Suddenly you are approached by a group of peasants from Xinjiang province extolling the virtues of a new way of life and exhorting you to change your ways in your own language.

Not surprisingly your instant reaction is to listen. After all you are hearing your own language which the brain will register as normal. After a second or two, or a bit longer for those who weren’t paying attention, you move on to “what the heck is going on here? These guys are Chinese peasants and here they are speaking perfect English (or Spanish, or Indonesian)?”

And inevitably there are a couple of cynics among you whose reaction is “bit early in the day, isn’t it?” but that is mainly to cover up their shock because an excess of firewater at 9 o’clock in the morning is not likely to make you suddenly fluent in a language you have probably never heard before.
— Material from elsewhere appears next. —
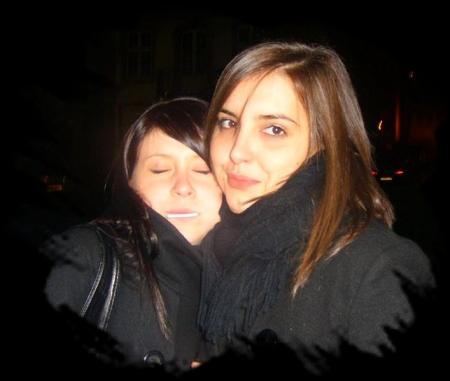 Soir�e de FOLIE avec ma Poca !!!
Quite the opposite, in fact.

We know this story inside-out and probably back-to-front as well. We should do because we hear it every Pentecost Sunday. And we are probably so used to it that we fail completely to grasp just how devastating it must have been to those who experienced it, both the speakers and the listeners.
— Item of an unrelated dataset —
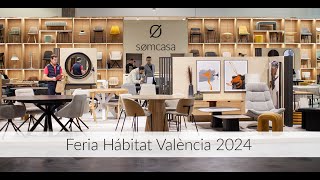 Sømcasa en Feria Hábitat València 2024 [upl. by Leyla]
Remember that on the morning of Our Lord’s Resurrection the apostles had gathered in a room where “the doors were closed … for fear of the Jews”. Some traditions have it that this was the same room in which they had three days before celebrated Passover. In any event it was somewhere, owned by a sympathiser maybe, where they felt safe. It was to this room (probably) that they returned after Our Lord’s Ascension to await the coming of the Advocate, Paraclete, Holy Spirit in whatever form this being manifested itself.

They would be nervous yet again, as they had been after Jesus’ death and again after his Ascension. Even if He hadn’t made it clear they would almost certainly have realised that this second departure was final — at least in the form in which they had known Him. And they had been left with the awesome task of taking His teaching to the whole world and having the power to forgive sins or not to forgive them. (One wonders which is the heavier burden; to forgive someone or to harden your heart and say you are unable to forgive.)

But they still trusted in Jesus and so they waited, as He had asked them to, until the day which in Jewish tradition was the day for offering the first fruits.

“And they were filled with the Holy Spirit”. And the Church has never looked back!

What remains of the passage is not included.